DataTile Knowledge Base

Using MATH functions in crosstabs

When working with a crosstab, you can apply mathematical functions to data in both rows and columns. Formulas use row or column labels as operands, however, there are some exceptions. In the tables below you can find detailed information on how functions are applied.

How to enable MATH for crosstabs

Go to Project settings → Settings → Math ->Tick the box provided to enable the display of the MATH window in the Crosstab. After enabling the feature, the ‘MATH’ button is displayed above the crosstab in the DVI interface.

math enable.jpg

Note that when applying mathematical operations, you can use data with different base sizes. In such cases, the base calculation will follow one of four available methods, which can be selected in the project settings:

  • AVG - as an average of bases;

  • SUM - as a sum of bases;

  • MIN - as a minimum base;

  • MAX - as a maximum base.

How to use MATH in crosstabs

Use the MATH button above the crosstab to open the formula editor.

math popup.jpg
  • First, choose whether the calculation result should appear in a row or a column.
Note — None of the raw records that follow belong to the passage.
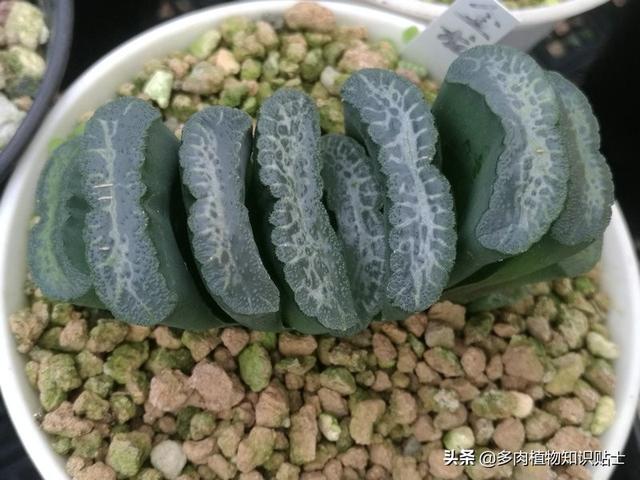 多肉玉扇最大能长多大，多肉玉扇好养吗（养了多肉植物五年）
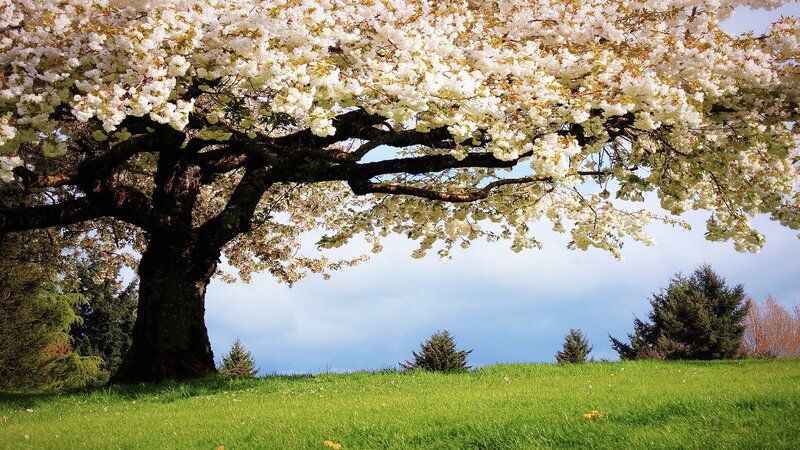 Cherry Blossom Tree — Green, Serene, Spring, Photograph, Grass, Sky
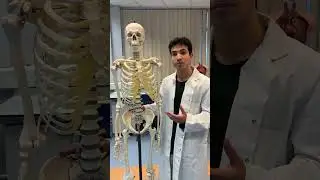 3 types of cartilage 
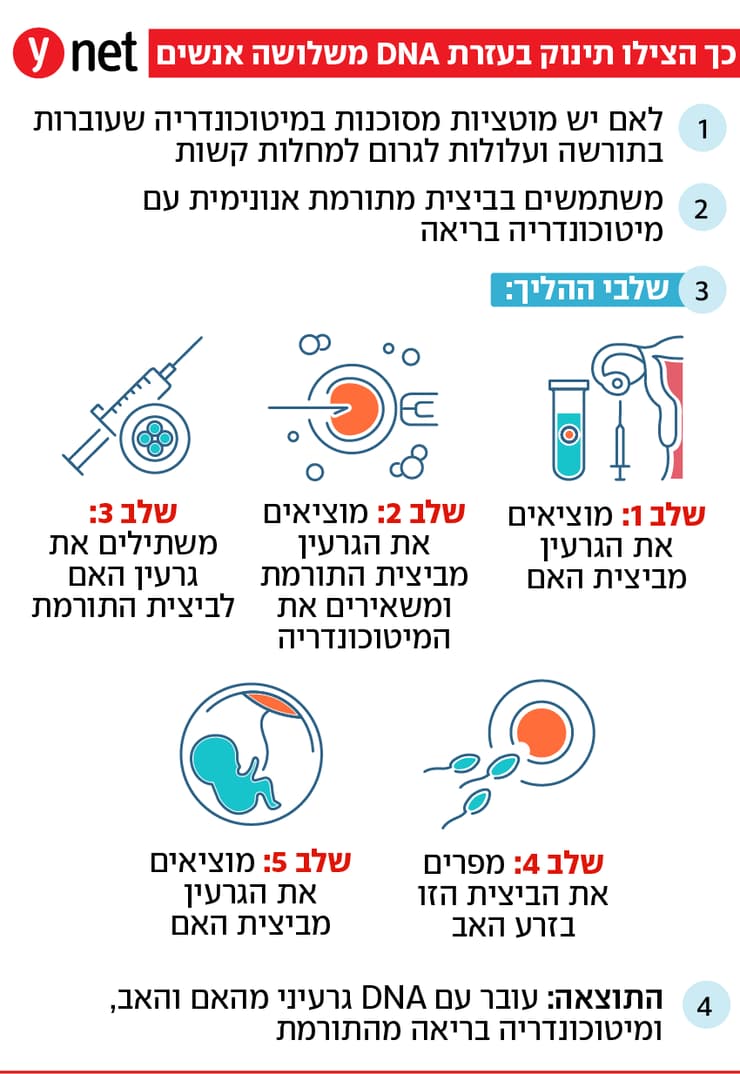 אינפו כך הצילו תינוק, DNA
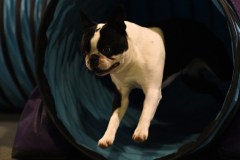 028-SAAC-AKC-24Aug19-ExMstr-JWW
Depending on this, you can use variables from rows or columns for your calculations.

  • Press Ctrl+Space / Cmd+Space to open the prompts.

  • Enter your expression in the MATH window using formulas and arithmetic operations.

  • Click Add to insert the result into the selected row or column.

Syntax & Formulas Usage

A range of functions represent metrics that previously had to be deliberately added to a crosstab. Now you can get the value of a metric by a function, then apply a mathematical operation to it.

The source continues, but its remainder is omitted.